Durch die von der EU-Kommission gewählten Regulierungsinstrumente sei die Vollendung des gemeinsamen Markts sogar behindert worden, was eine komplexe Rechtsstruktur grenzüberschreitender Handelsregeln und Verzögerungen bei der Umsetzung mit sich gebracht habe. Das Hauptrisiko im EU-Strommarkt wurde letzten Endes auf die Endverbraucher abgewälzt, lautet die Schlussfolgerung des Rechnungshofs.

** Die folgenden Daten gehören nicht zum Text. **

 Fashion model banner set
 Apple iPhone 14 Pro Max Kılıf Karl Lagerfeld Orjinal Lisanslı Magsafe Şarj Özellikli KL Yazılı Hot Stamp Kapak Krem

Seit 1996 dauern die Bemühungen der EU an, die unterschiedlichen Strommärkte der Mitgliedstaaten miteinander zu vernetzen. Dadurch sollen günstige Preise sowie eine sichere Versorgung gewährleistet und der ökologischen Wandel vorangetrieben werden. Dieses Vorhaben sollte ursprünglich im Jahr 2014 abgeschlossen sein. Wie die Rechnungsprüfer schrieben, habe sich stattdessen in der derzeitigen Energiekrise herausgestellt, dass die Großhandelspreise zwischen den EU-Ländern deutlich auseinanderklafften. Überdies hingen die Endkundenpreise noch immer stark von nationalen Steuersätzen und Netzentgelten ab, anstatt durch den Wettbewerb bestimmt zu werden.
Grund für den ausbleibenden Fortschritt in dem untersuchten Zeitraum 2015 bis 2021 ist laut Rechnungshof u. a. eine unzureichende Überwachung der geltenden Vorgaben durch die EU-Energieagentur Acer – vor allem, weil die Agentur nicht über genügend Daten verfügt habe, unter Personalmangel gelitten habe und sich in der Vergangenheit schlecht mit der Europäischen Kommission abgestimmt hätte. Weiterhin habe der von der EU-Kommission gewählte Ansatz zur Regulierung "den Verwaltungsaufwand, den Ressourcenbedarf und die Kosten für die Acer und die nationalen Regulierungsbehörden sowie für die Netz- und Marktbetreiber erheblich und unnötig erhöht".
Im Frühjahr will die EU-Kommission vor dem Hintergrund der Energiekrise eine Reform der Strommärkte anregen. Laut Rechnungshof sei dies eine Gelegenheit, die Schwächen zu beheben. Das Vorhaben gilt jedoch als höchst komplex.